NOTS Computing for Matching Entrepreneurs to VCs

From edegan.com
Jump to navigation Jump to search


Project
NOTS Computing for Matching Entrepreneurs to VCs
Project logo 02.png
Project Information
Has title NOTS Computing for Matching Entrepreneurs to VCs
Has owner Wei Wu
Has start date 2018-07-09
Has deadline date
Has keywords NOTS, Matlab
Has project status Active
Is dependent on Estimating Unobserved Complementarities between Entrepreneurs and Venture Capitalists Matlab Code, Parallelize msmf corr coeff.m
Has sponsor McNair Center
Has project output Tool, How-to
Copyright © 2019 edegan.com. All Rights Reserved.

When in doubt, consult the full documentation by CRC: https://docs.rice.edu/confluence/display/CD/Getting+Started+on+NOTS

Synopsis

Summer 2018. We try to use NOTS (Night Owls Time-Sharing Service), a computing cluster of Rice's CRC (Center for Research Computing) to run the Matlab code for Matching Entrepreneurs to VCs. This is a documentation on how to use NOTS. Currently only Wei and Ed have access to NOTS.

Getting Started

SSH to NOTS with your net id. For example, from a Linux/UNIX machine:

ssh -Y (username)@nots.rice.edu

To check what software is available, type

module spider

To see what modules are loaded,

module list

Currently, Matlab 2015a is installed on NOTS. To load a software such as Matlab 2015a,

module load MATLAB/2015a

To load this module by default at login,

module save

To unload all the modules,

module purge

Files Placement

Currently all the readjusted code for matching entrepreneurs to VCs are stored under /projects/fox/work

Transferring files

We have access to some of the directories on NOTS. In most cases, we will either work within our $HOME directory (4 GB storage quota):

/home/*username*

or within $PROJECT under the group of Prof. Jeremy Fox (100 GB storage quota):

/projects/fox

To transfer some files from your local Linux/UNIX machine to NOTS, use the following Secure Copy command on your local terminal:

scp some_file.dat *.incl *.txt (your_login_name)@nots.rice.edu:

This will put the files into your $HOME directory on NOTS

Set up Matlab Parallel Computing Toolbox (PCT) on NOTS

Reference: https://docs.rice.edu/confluence/display/CD/Set+up+MATLAB+Parallel+Computing+Toolbox+from+a+cluster+login+node+on+DAVINCI

Setting Up Passwordless SSH (SSH Keys) on the Clusters (copied/modified from this)
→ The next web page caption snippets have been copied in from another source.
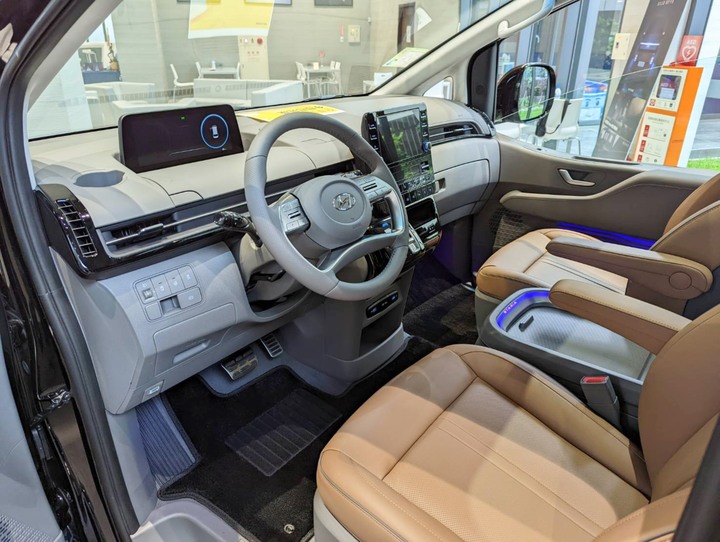 頂規版Staria CEO賞車心得分享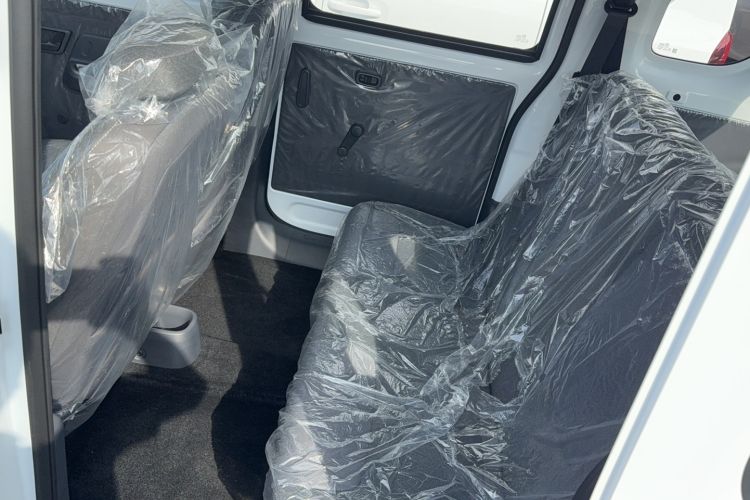 Used Wuling Zhiguang New Energy 2025 Comfort Model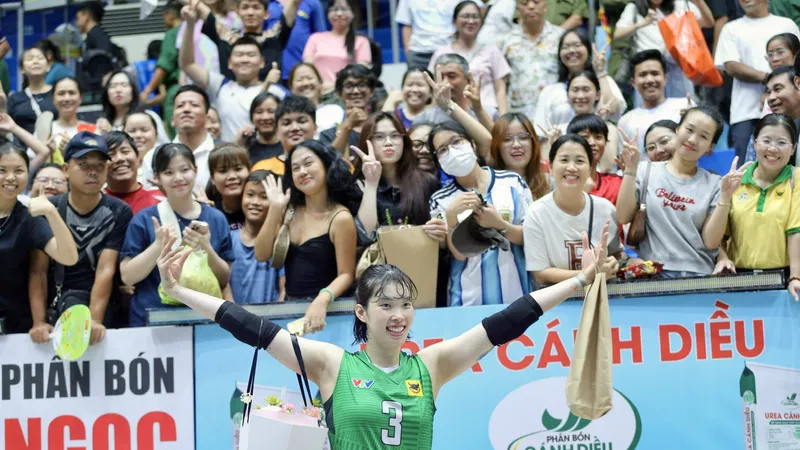 Thanh Thúy bùng nổ giúp VTV Bình Điền Long An vượt qua Binh chủng Thông Tin trong đêm rực lửa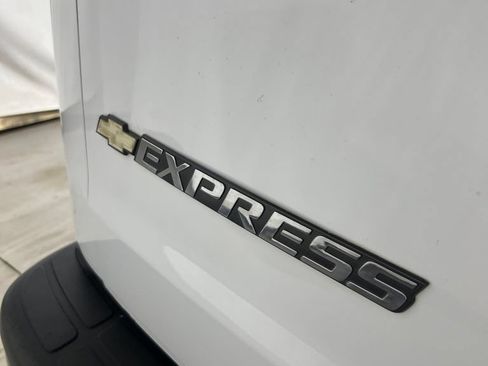 Used 2023 Chevrolet Express 3500 Extended RWD image 20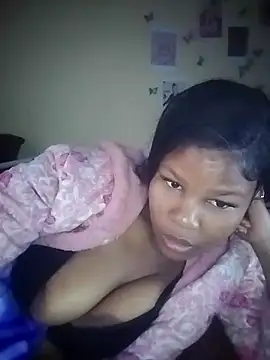 Seductive_Yellow_Titties
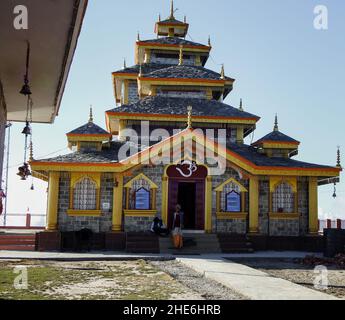 Editorial vom:14th Nov 2019 Ort: Mussoorie Uttarakhand Indien. Eine Aufnahme der Spitze einer Tempelkuppel. SURKUNDA DEVI-TEMPEL Stockfoto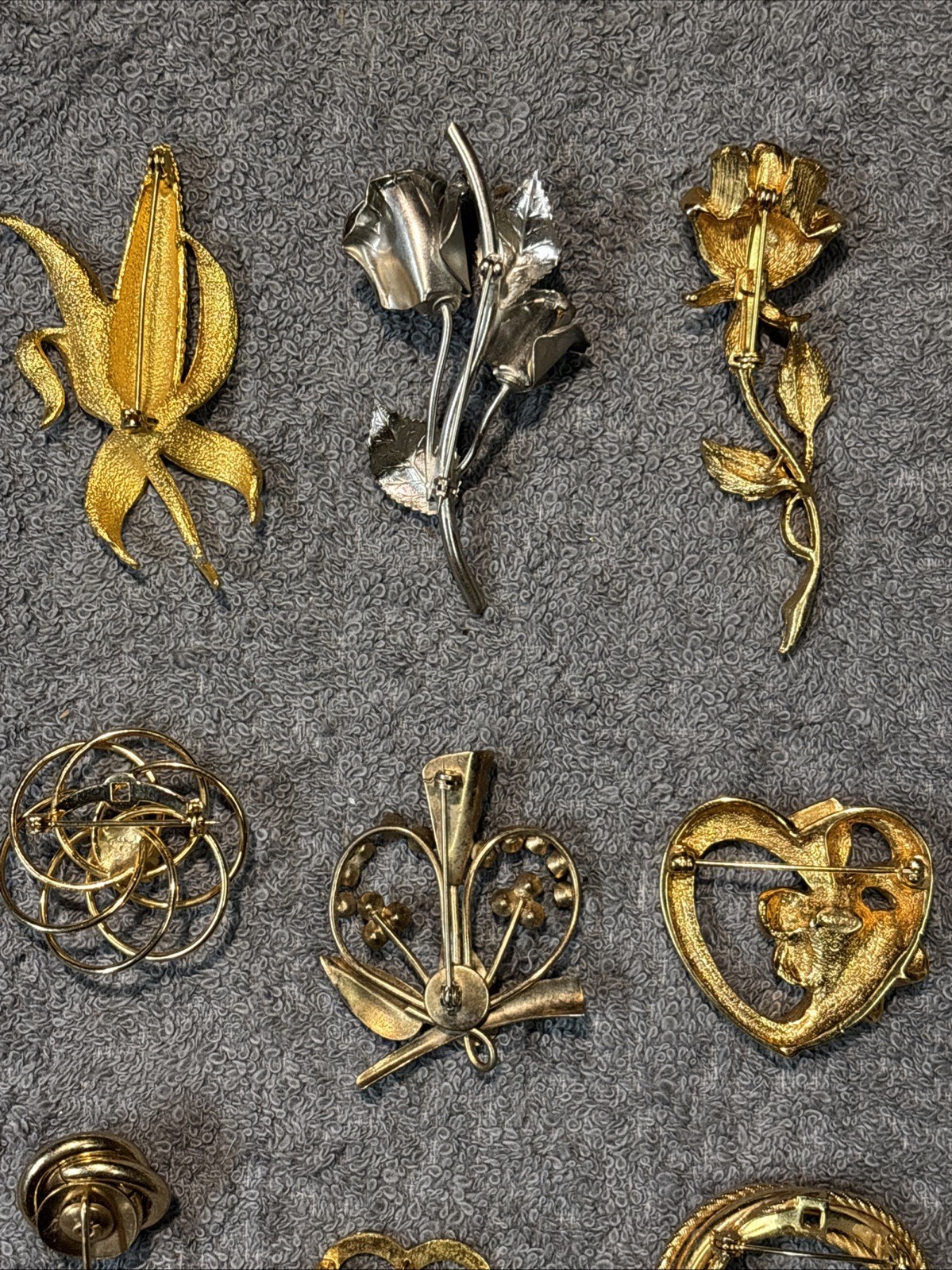Vintage Brooch Lot Of 21 Brands Are Avon And Unbranded Sizes Range From 1 To 4in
Passwordless SSH is required on the Shared Computing Resources if you need to run MPI jobs using srun, or need to use other specialized software which uses SSH for communication between nodes. The srun command spawns copies of your executable on all of the nodes allocated to you by SLURM. It will communicate with these nodes via SSH so it is necessary that SSH is configured with SSH host keys (passwordless SSH) for your account. This document describes how to enable passwordless SSH on these systems.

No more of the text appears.